- [PROBLEM REQUIREMENTS] Would you reproduce each line below exactly, leaving every picture out?

- [SOURCE MATERIAL]
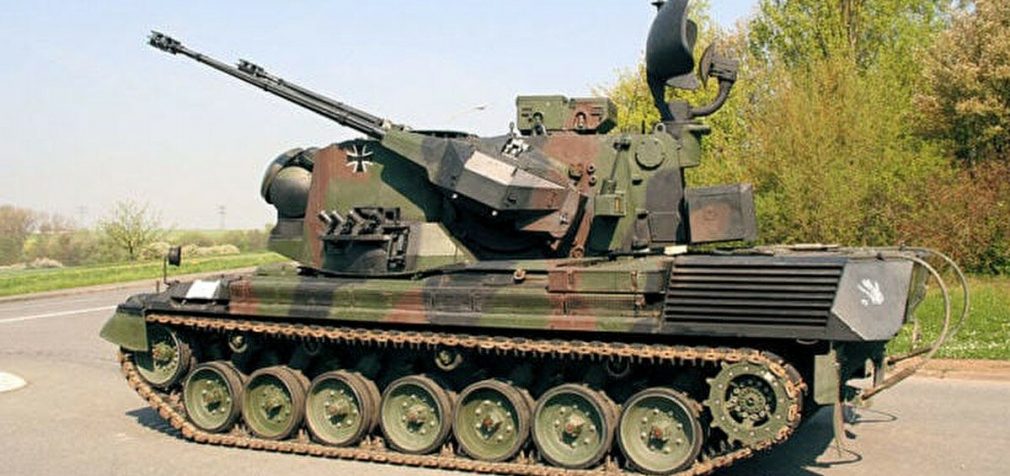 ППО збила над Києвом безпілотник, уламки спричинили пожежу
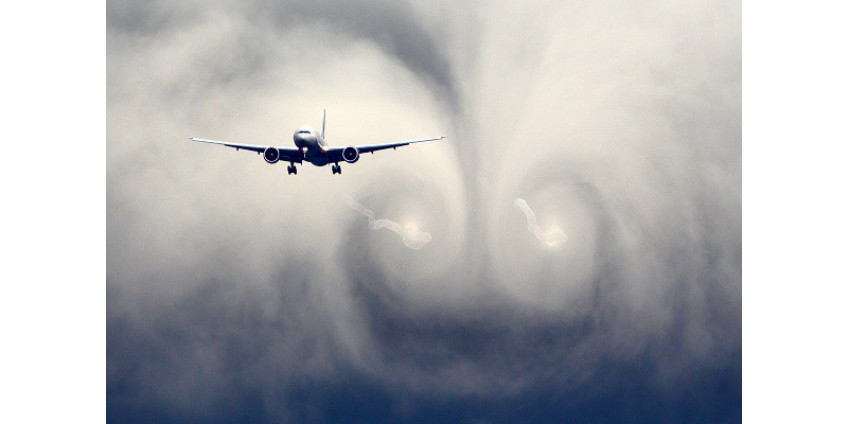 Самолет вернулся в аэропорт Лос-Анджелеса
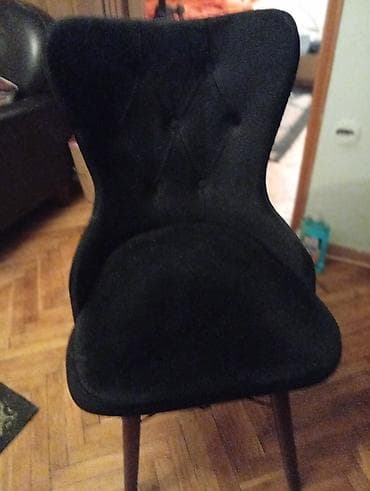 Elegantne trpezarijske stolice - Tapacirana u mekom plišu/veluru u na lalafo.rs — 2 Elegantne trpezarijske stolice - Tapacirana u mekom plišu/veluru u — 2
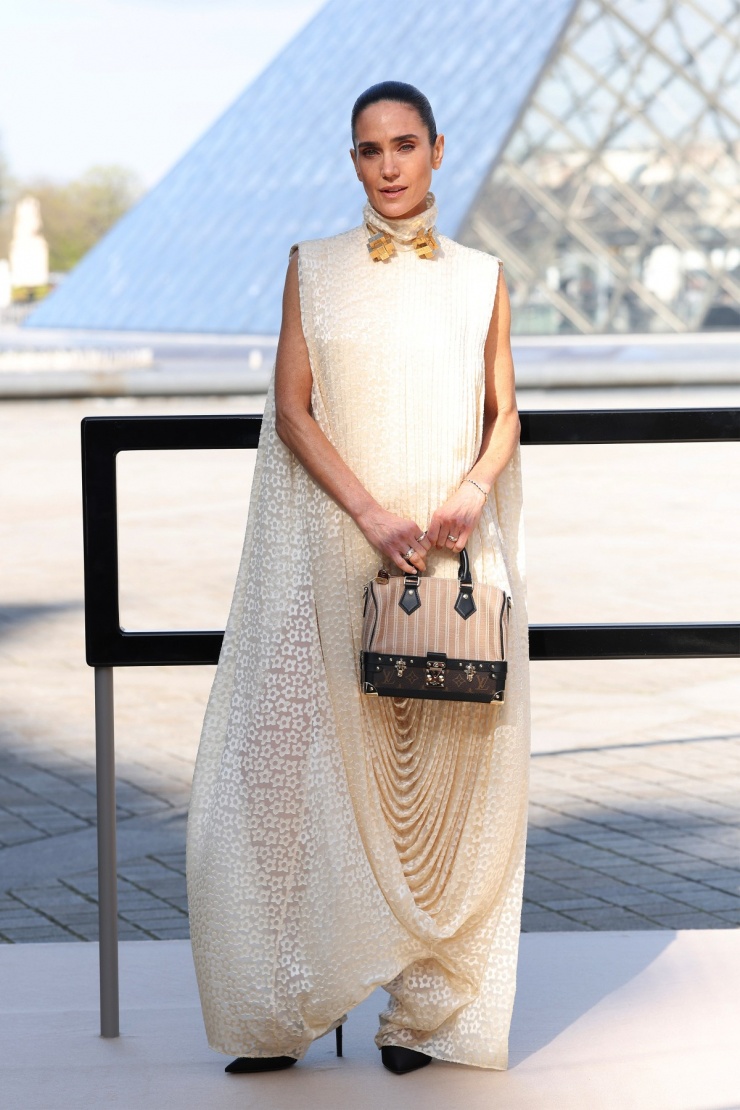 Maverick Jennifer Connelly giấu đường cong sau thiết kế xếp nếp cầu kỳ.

- [ANSWER AREA]
 ППО збила над Києвом безпілотник, уламки спричинили пожежу
 Самолет вернулся в аэропорт Лос-Анджелеса
 Elegantne trpezarijske stolice - Tapacirana u mekom plišu/veluru u na lalafo.rs — 2 Elegantne trpezarijske stolice - Tapacirana u mekom plišu/veluru u — 2
 Maverick Jennifer Connelly giấu đường cong sau thiết kế xếp nếp cầu kỳ.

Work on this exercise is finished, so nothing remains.